Mar 8, 2012

Vietnam - Questions raised about SOEs’ commitments to cut down expenses


VietNamNet Bridge – State owned conglomerates all have made commitments to cut down expenses in the difficult period. A question has been raised that why didn’t the big economic groups practice thriftiness earlier, if they really could do that? 


Speaking at a recent conference, Minister of Finance Vuong Dinh Hue, said that by February 21, 2012, five state owned economic groups and general corporations had committed to cut down the production management costs by 2,353.6 billion dong this year.

Earlier this year, Ministry of Finance released a dispatch on January 17, 2012, calling on economic groups and general corporations to cut down the costs in the context of the big economic difficulties. The ministry also showed the goal to the state owned enterprises (SOEs)--cutting down the management costs by 5-10 percent to reduce the production costs and increase the business efficiency.

Just one month after the call, a series of state owned conglomerates and general corporations made commitments about the management costs. Bao Viet, a finance and insurance group has committed to cut down 145 billion dong, the Vietnam Textile and Garment Group by 178.6 billion dong, Vinalines 105 billion dong, and Petrolimex 137 billion dong, the Vietnam Coal and Mineral Industries Group 900 billion dong, the Housing and Urban Development Group (125 billion dong) and the Electricity of Vietnam (1800 billion dong).

Explaining the cutting, the SOEs said that they would reduce the material consumption level, cut down the spending on services, electricity, water, telephone charges, stationary, petrol, conferences and workshops. 

The strong commitments to cut down trillions of dong have made people surprised rather than glad. Private businesses, limited or joint stock companies, and households would think of practicing thriftiness right from the first day of operation. Meanwhile, SOEs only think of cutting down expenses after the government released a resolution on cutting management costs.

Another question has been raised that why the SOEs did not try to cut down expenses by 5-10 percent in the past, if they really could do that? Did they realize that they wasted too much money in the past, and they now need to be thrifty? But what will happen if they minimized the management costs already, but they now still have to cut expenses further to satisfy the government and the Ministry of Finance? They have committed to cut down expenses in 2012, and how about the next years?

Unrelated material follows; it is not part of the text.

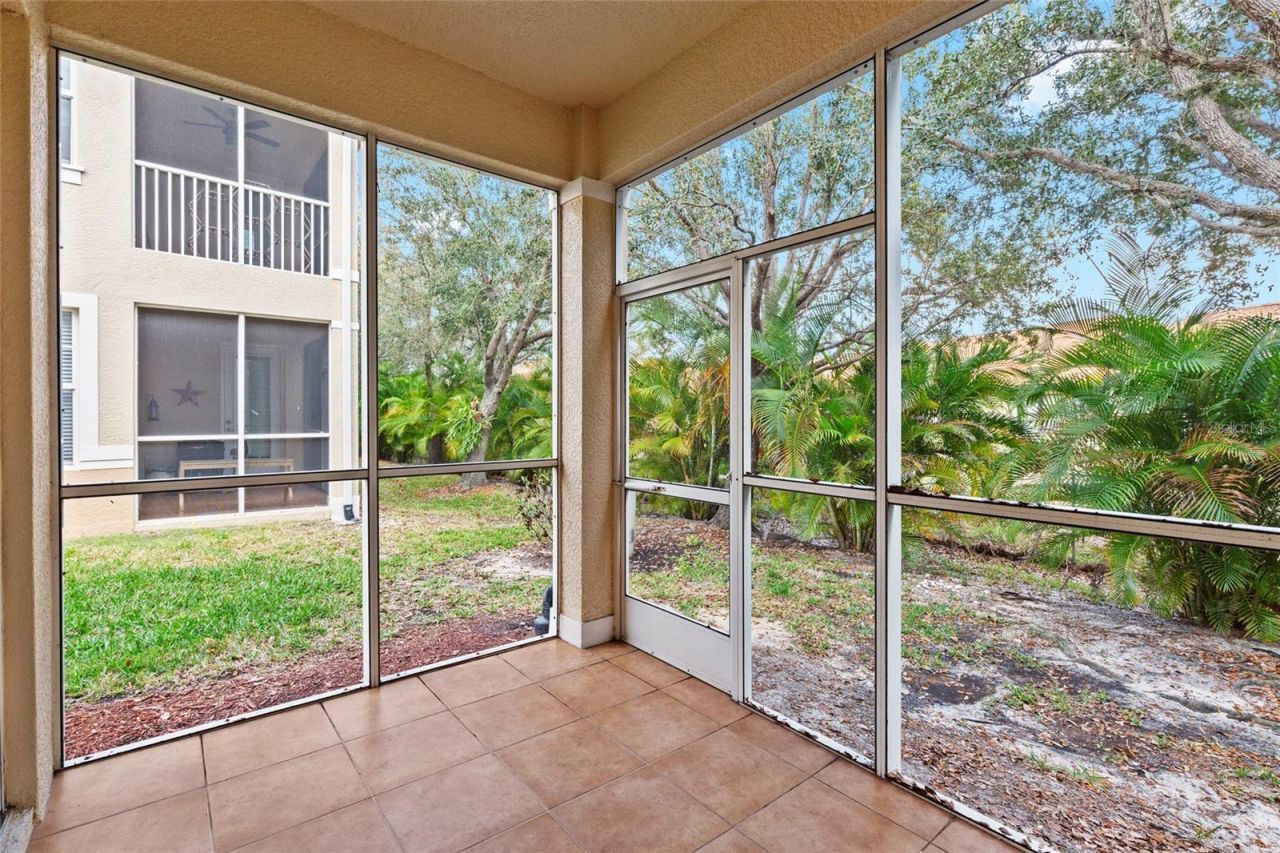 240 W End Drive, Unit 311, Punta Gorda, FL 33950 Photo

Economic groups and general corporations are the legal entities formed up from the state budget, or the tax paid by people. Therefore, the sum of trillions of dong to be cut by SOEs is really a huge sum of money. However, if considering the huge assets the SOEs are owning, and the preferences the SOEs can enjoy (the monopoly, easy bank loan access, delayed debt payment in case of taking loss), one would see that the sum of trillions of dong makes nothing if compared with the potentials the huge assets can bring.

The first step in the restructuring process

The commitments by SOEs to cut down expenses have been considered as the first move in the restructuring process. However, the most important issue of the restructuring is to find out the new ways for development, not cut expenses and save money.

Meanwhile, as Nguyen Trong Dung, Head of the Enterprise Renovation Department of the government office admitted, though the line of actions is clear, insiders still do not know what exactly to do.

Pham Viet Muon, Deputy Head of the Steering Committee on Enterprise Renovation and Development, said in late February that he received a document from the Ministry of Transport, requesting the government to give concrete guidance on SOE restructuring.

Muon added that it is impossible to approve all the restructuring plans within the first quarter as previously planned. The first quarter would last in some 20 working days, while there are 21 restructuring plans for approval.